Its been a week since I got back from ParaPLoP ‘10 workshop – its was great to meet with a group of people doing so much to bring parallel programming into the mainstream, and it was great learning.

Ade Miller presented the Task Graph pattern from Microsoft TPL. As a TBB user, I find strong parallels between them; TPL is elegant, and I am keen to learn more. Arguably, some of it is syntactic sugar, but sugar is sweet! I have resisted Microsoft for many years, but it is time to concede and assimilate.

Just as interesting as the workshops were the side conversations – It was good also to get a sense of the future (and direction of TBB) from its architect, Arch Robison – TBB 3.0 will be out soon, and I look forward to it.

Dick Gabriel’s talk on the works of Chistopher Alexander was fascinating. The architect’s work has been an inspiration for the design patterns community.

And Ralph Johnson’s view of programs as transformations struck a chord – it is indeed true the most of us revisit the same applications / algorithms over and over again, so making programs parallel is indeed a transformation. Documenting patterns is about sharing best practices, to help the rest of us with that transformation process.

Very interesting for me personally, was hearing from Tim Mattson about the consequences for software developers of what’s cooking in the silicon furnaces at Intel. I have a feeing things are going to get interesting.

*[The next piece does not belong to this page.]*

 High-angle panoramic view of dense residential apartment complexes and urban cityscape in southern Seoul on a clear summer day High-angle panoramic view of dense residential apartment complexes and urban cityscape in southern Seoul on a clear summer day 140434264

Processors cannot be clocked much faster any more – power consumption and heat dissipation have seen to that. But the consequences go beyond clock speed limits. Current generations of processors have deep pipelines and out-of-order instruction scheduling, to hide memory access and other internal latency.

Instructions are not executed in the order they are laid out – if the execution of an instruction is going to be stalled because its operands are not yet available, other instructions are executed instead. Optimized instruction scheduling is done by the hardware at run time.  Quite likely, newer processors will ditch some of this complexity to accommodate more cores.

That leaves a hard optimization job for compilers – some of these optimizations cannot be statically done.

I take two lessons from this:

1. Where possible, use vendor libraries. MKL, NAG for math, for example. Let the vendors deliver processor optimized versions. I’ve come across variants of Numerical Recipes code a lot; which will keep application developers on an optimization treadmill.

2. Parallel programming is no longer just for speed junkies – to maintain current performance, parallelism is going to be needed.

What do you think?